Start of Data under study

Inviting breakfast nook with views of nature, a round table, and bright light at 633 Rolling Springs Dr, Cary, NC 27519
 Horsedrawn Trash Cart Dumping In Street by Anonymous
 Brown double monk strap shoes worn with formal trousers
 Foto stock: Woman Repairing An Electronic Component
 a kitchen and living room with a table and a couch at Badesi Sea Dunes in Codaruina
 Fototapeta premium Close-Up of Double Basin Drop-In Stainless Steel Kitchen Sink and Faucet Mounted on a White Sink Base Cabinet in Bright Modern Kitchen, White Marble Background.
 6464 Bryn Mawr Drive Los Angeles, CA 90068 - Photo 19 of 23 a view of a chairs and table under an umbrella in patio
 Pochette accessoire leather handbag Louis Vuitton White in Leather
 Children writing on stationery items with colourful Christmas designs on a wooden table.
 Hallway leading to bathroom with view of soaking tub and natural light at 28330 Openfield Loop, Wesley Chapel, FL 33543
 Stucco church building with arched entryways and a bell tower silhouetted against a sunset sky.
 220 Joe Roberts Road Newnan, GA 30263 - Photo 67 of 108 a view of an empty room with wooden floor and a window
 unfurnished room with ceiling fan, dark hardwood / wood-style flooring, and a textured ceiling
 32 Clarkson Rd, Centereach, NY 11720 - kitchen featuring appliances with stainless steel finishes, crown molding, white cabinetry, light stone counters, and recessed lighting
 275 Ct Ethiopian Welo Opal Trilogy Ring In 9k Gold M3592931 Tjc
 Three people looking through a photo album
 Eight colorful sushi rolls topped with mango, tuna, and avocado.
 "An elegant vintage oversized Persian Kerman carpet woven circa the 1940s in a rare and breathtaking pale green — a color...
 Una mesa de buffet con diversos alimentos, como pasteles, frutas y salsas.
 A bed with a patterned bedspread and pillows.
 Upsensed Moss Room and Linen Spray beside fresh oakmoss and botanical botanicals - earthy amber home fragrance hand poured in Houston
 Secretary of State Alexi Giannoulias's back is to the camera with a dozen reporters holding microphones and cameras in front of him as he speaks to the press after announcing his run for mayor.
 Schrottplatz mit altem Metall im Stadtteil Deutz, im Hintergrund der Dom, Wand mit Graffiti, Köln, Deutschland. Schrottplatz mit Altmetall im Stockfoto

End of Data under study

Without any alteration, repeat the entire listing.

Inviting breakfast nook with views of nature, a round table, and bright light at 633 Rolling Springs Dr, Cary, NC 27519
 Horsedrawn Trash Cart Dumping In Street by Anonymous
 Brown double monk strap shoes worn with formal trousers
 Foto stock: Woman Repairing An Electronic Component
 a kitchen and living room with a table and a couch at Badesi Sea Dunes in Codaruina
 Fototapeta premium Close-Up of Double Basin Drop-In Stainless Steel Kitchen Sink and Faucet Mounted on a White Sink Base Cabinet in Bright Modern Kitchen, White Marble Background.
 6464 Bryn Mawr Drive Los Angeles, CA 90068 - Photo 19 of 23 a view of a chairs and table under an umbrella in patio
 Pochette accessoire leather handbag Louis Vuitton White in Leather
 Children writing on stationery items with colourful Christmas designs on a wooden table.
 Hallway leading to bathroom with view of soaking tub and natural light at 28330 Openfield Loop, Wesley Chapel, FL 33543
 Stucco church building with arched entryways and a bell tower silhouetted against a sunset sky.
 220 Joe Roberts Road Newnan, GA 30263 - Photo 67 of 108 a view of an empty room with wooden floor and a window
 unfurnished room with ceiling fan, dark hardwood / wood-style flooring, and a textured ceiling
 32 Clarkson Rd, Centereach, NY 11720 - kitchen featuring appliances with stainless steel finishes, crown molding, white cabinetry, light stone counters, and recessed lighting
 275 Ct Ethiopian Welo Opal Trilogy Ring In 9k Gold M3592931 Tjc
 Three people looking through a photo album
 Eight colorful sushi rolls topped with mango, tuna, and avocado.
 "An elegant vintage oversized Persian Kerman carpet woven circa the 1940s in a rare and breathtaking pale green — a color...
 Una mesa de buffet con diversos alimentos, como pasteles, frutas y salsas.
 A bed with a patterned bedspread and pillows.
 Upsensed Moss Room and Linen Spray beside fresh oakmoss and botanical botanicals - earthy amber home fragrance hand poured in Houston
 Secretary of State Alexi Giannoulias's back is to the camera with a dozen reporters holding microphones and cameras in front of him as he speaks to the press after announcing his run for mayor.
 Schrottplatz mit altem Metall im Stadtteil Deutz, im Hintergrund der Dom, Wand mit Graffiti, Köln, Deutschland. Schrottplatz mit Altmetall im Stockfoto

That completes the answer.